Last month Sylvia Ng, VP of Growth and Analytics at Rock Content, sat down with Travis Wright at the 2015 Digital Media Summit in Toronto.
Travis Wright is a “marketing provocateur and digital disrupter.” This “data and analytics geek” is not your traditional marketer and has optimized and strategized marketing for a number of B2B and B2C websites. Wright is currently the Chief Marketing Technologist at CCP Global and a regular contributor to Inc. Magazine. At the Summit, Wright spoke about data-driven marketing technologies and their role in modern marketing.
Sylvia caught up with Wright to discuss building a marketing ecosystem, networking, and how turning your computer into an 80s terminal can improve your writing. We’ve compiled some of the highlights from their conversation into actionable tips for your marketing strategy.
1. Create An ‘Ecosystem’
What advice would you give organizations looking to become thought leaders? Who is responsible for thought leadership within an organization?
“Well I think we are all responsible,” explains Wright. “I am a big proponent of building a personal brand, right, and so I think that’s a part of it. For me, I want to build thought leadership because I’m building my personal brand around certain key topics.” Wright also mentions that it’s not just a marketing initiative, it also involves social, content, and PR.
When there are too many silos, explains Wright, the teams don’t communicate. He elaborates on this concept, adding that in the ideal system is “the convergence of content, social, PR, and SEO. Content and SEO are working hand-in-hand, social and PR are working hand-in-hand. So really it’s like a four pronged ecosystem.”
2. Isolate and Rewrite
How do you balance quality and quantity? How much time do you spend on an article?
Wright saves time during the writing process by ensuring he’s in a “distraction free zone. “I use Write Room,” explains Wright, because “it makes my whole screen black like I’m sitting on an 80s terminal.” With this program “I’m able to get my thoughts out” explains Wright.

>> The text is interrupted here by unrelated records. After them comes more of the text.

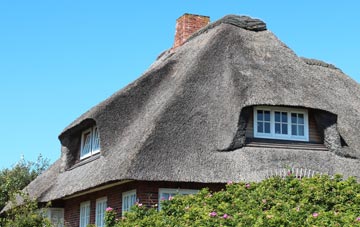 thatch roofing Noss Mayo, Devon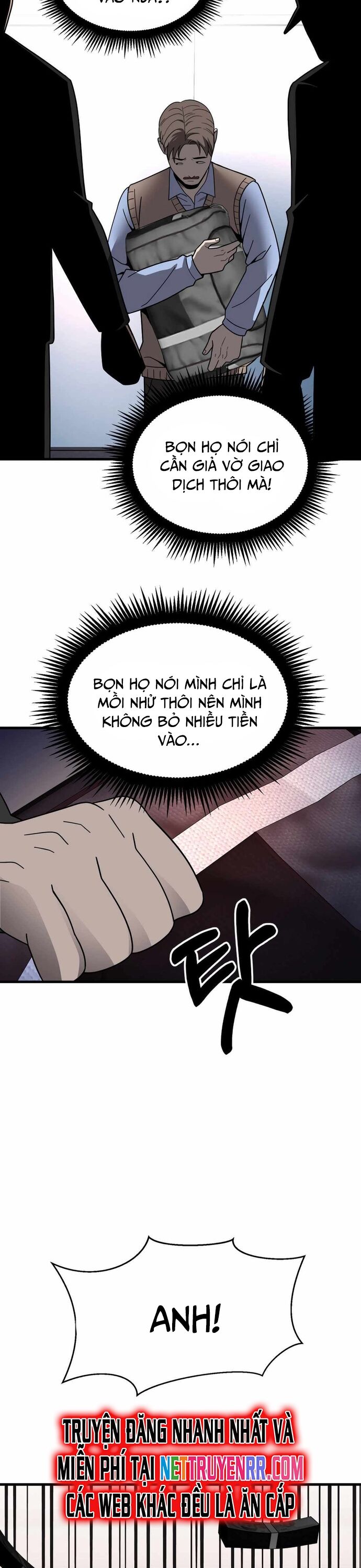 Trở Thành Phản Diện Ở Cuộc Đời Này Chương 41 Ảnh 40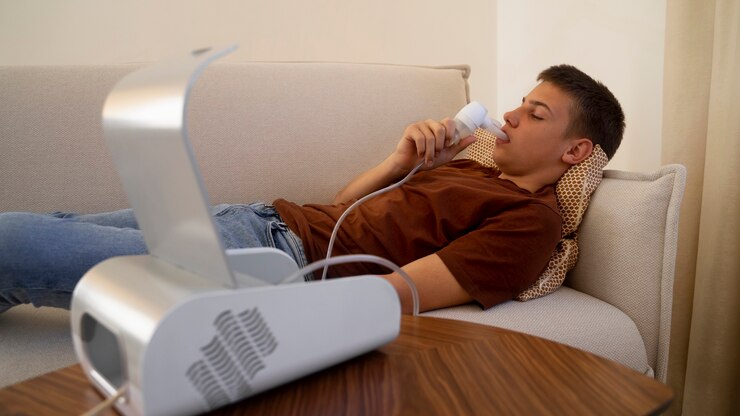 Read more about the article Where to Buy CPAP Machines Online: Trusted Sources and Tips
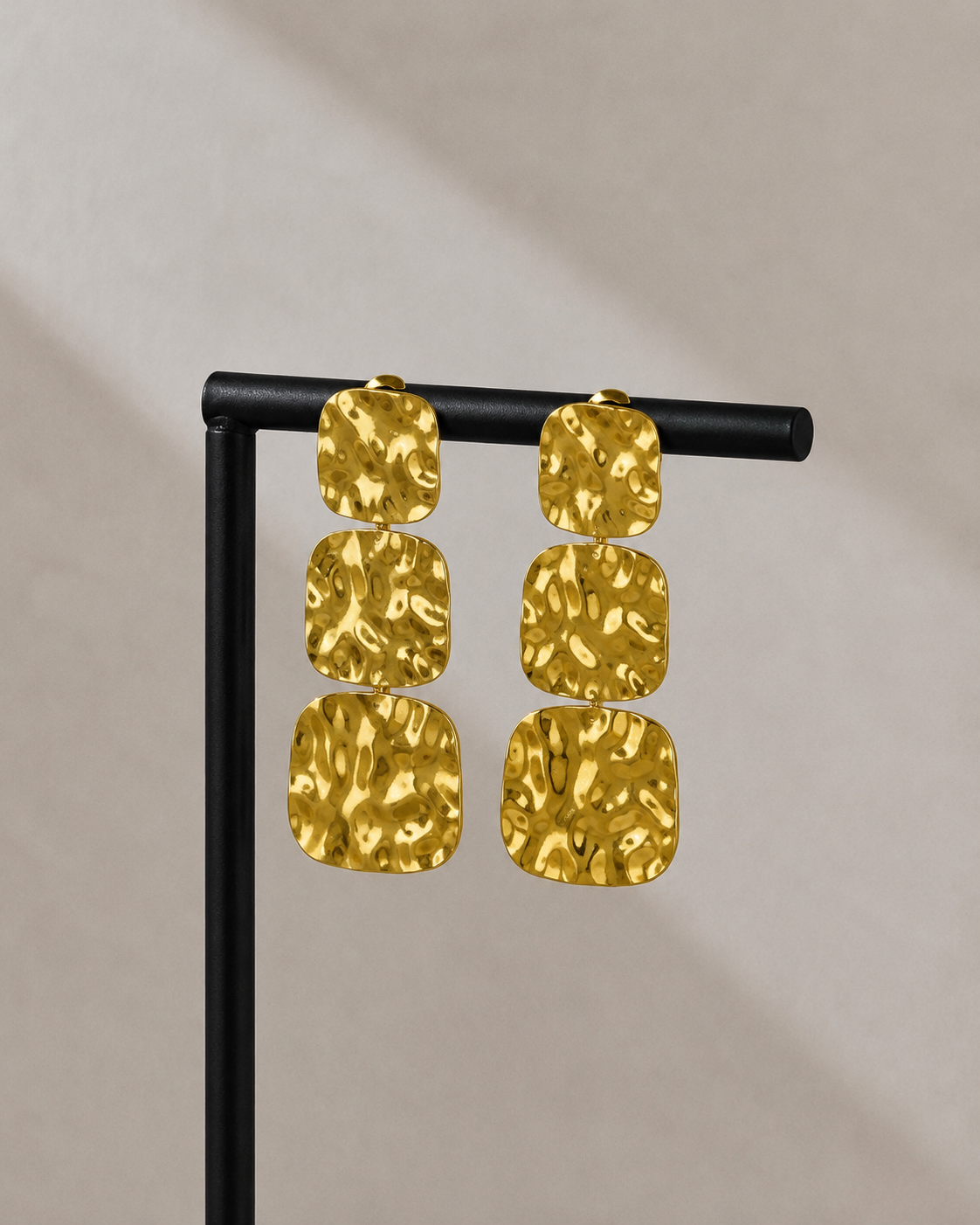 Pendientes Marea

For big publications, like Inc. Magazine, Wright will invest extra time on articles. “My first draft always sucks, I mean it’s ok but I’m kind of like meticulous…I notice some of my Inc. articles [say] ‘You’ve edited this 87 times,’ you know? And it’s like, ‘I’m still not done!’” This attention to detail helps build trust, the first stepping stone to thought leadership.
3. Hire a Researcher
How do you find the right people for your team? What do you look for in a candidate?

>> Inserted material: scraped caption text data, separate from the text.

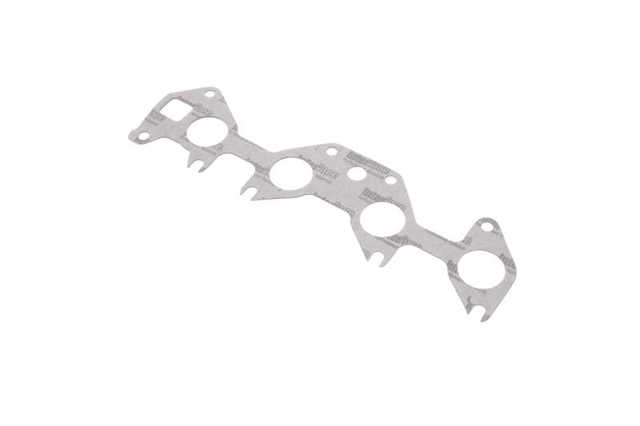 P1LC009 Parts-Mall  Прокладка впускного коллектора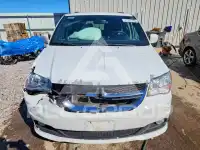 2017 Dodge CARAVAN фото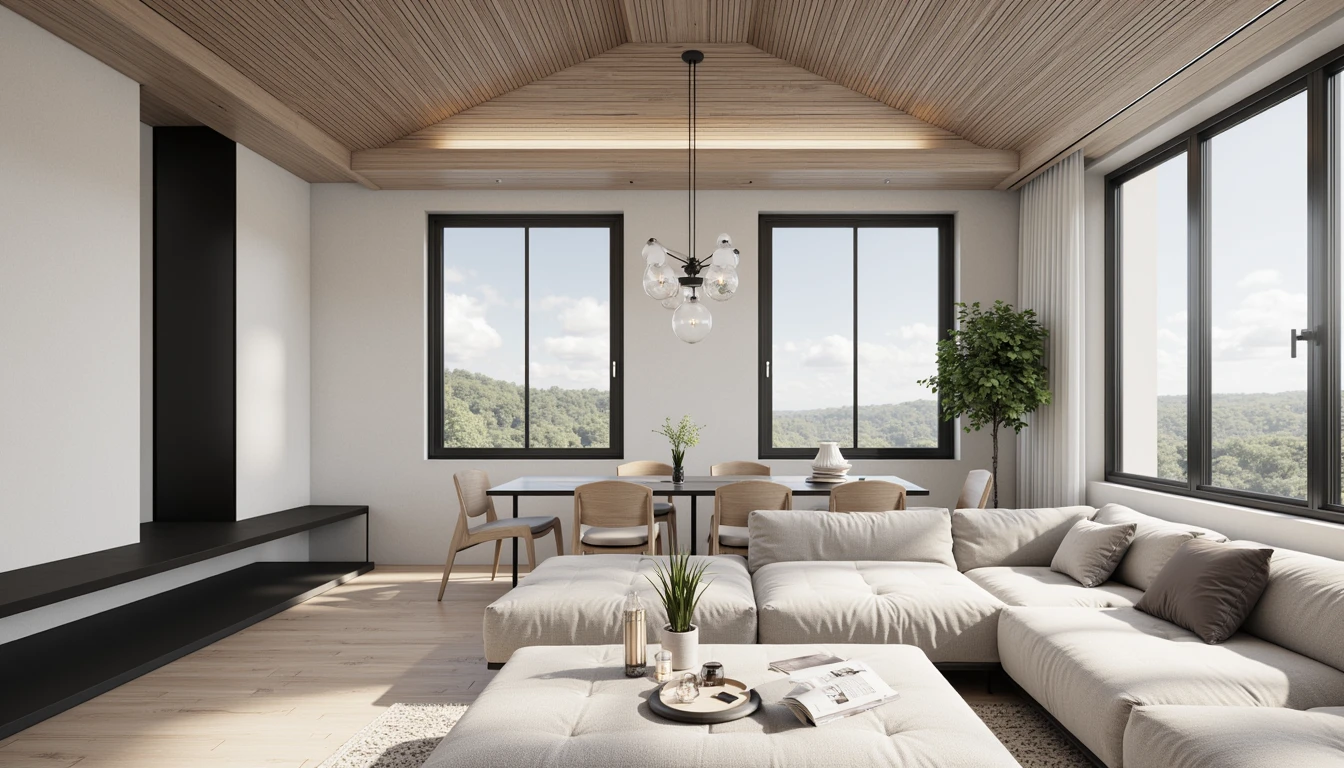Architectural visualization 2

“I think you really have to find somebody who likes to learn,” explains Wright, “especially when you’re coming into a new space, you’re bringing somebody new on, they’re writing about stuff they don’t even know about yet, right? So how can they ramp up quickly? Do they like to learn? Do they like to research?” Wright says “I’m always reading books, I’m always listening to audio programs and learning and figuring stuff out because I’m like, there’s so many amazing thought leaders and people out there who’ve already written and put together so much great stuff that I want to pull those nuggets out. And so if I have writers on my team I want them to be able to research stuff.” Ideally, Wright wants members of his team to be able to find out who’s written about a given topic, learn about it, condense and distill the information, and create some “pretty solid content.”

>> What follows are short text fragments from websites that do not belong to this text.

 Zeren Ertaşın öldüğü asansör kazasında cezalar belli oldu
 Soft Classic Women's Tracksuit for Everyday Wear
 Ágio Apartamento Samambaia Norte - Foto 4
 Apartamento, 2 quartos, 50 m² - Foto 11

“I like people who are good researchers” adds Wright. Over time, a good researcher can become a thought leader. “You can learn by standing on the shoulders of other giants,” explains Wright, “but then you have to be able to learn how to distill that information and share your own point of view.”
4. Get On Twitter
How do you grow your personal brand?
Wright touches on the importance of networking, which can both help you grow your brand and find the right people for your team. He recounts the story of his first startup called Method Laboratories, a website developed to create an online community for musicians, designers, filmmakers, artists, and creators. The startup anticipated many of the sites we take for granted today; everyone in the community had their own profiles (before Friendster), they built their own posting software (before WordPress), they created iRadio Lab to share music online (before iTunes), they pressed shirts for the artists and sold them online (before Threadless), and gave every member of the community 50MB of space for free (before Dropbox).
Though Wright had five separate billion dollar ideas in one company he wasn’t able to secure funding in Kansas. The experience helped Wright realize that he had no investors because there was no networking happening in Kansas City at the time. “I have nobody who’s got funds – if I did I would’ve gotten massive amounts of funding…that’s why when Twitter came out I was like ‘BOOM!’ Now I can network with all of these brilliant people.”
He also gives advice for improving your LinkedIn brand. Wright took full advantage of each component on the LinkedIn page and has one of the most compelling profiles on the site. “Some people just put a huge wall of text up there,” explains Wright, but “how do you break it up?” Wright spent some time thinking about how he could differentiate his profile from the rest, and used it to market his personal brand. “I think there’s a lot of opportunity for LinkedIn as it moves forward, as it has all this data, and as more people start to understand how to market on it more effectively,” concludes Wright.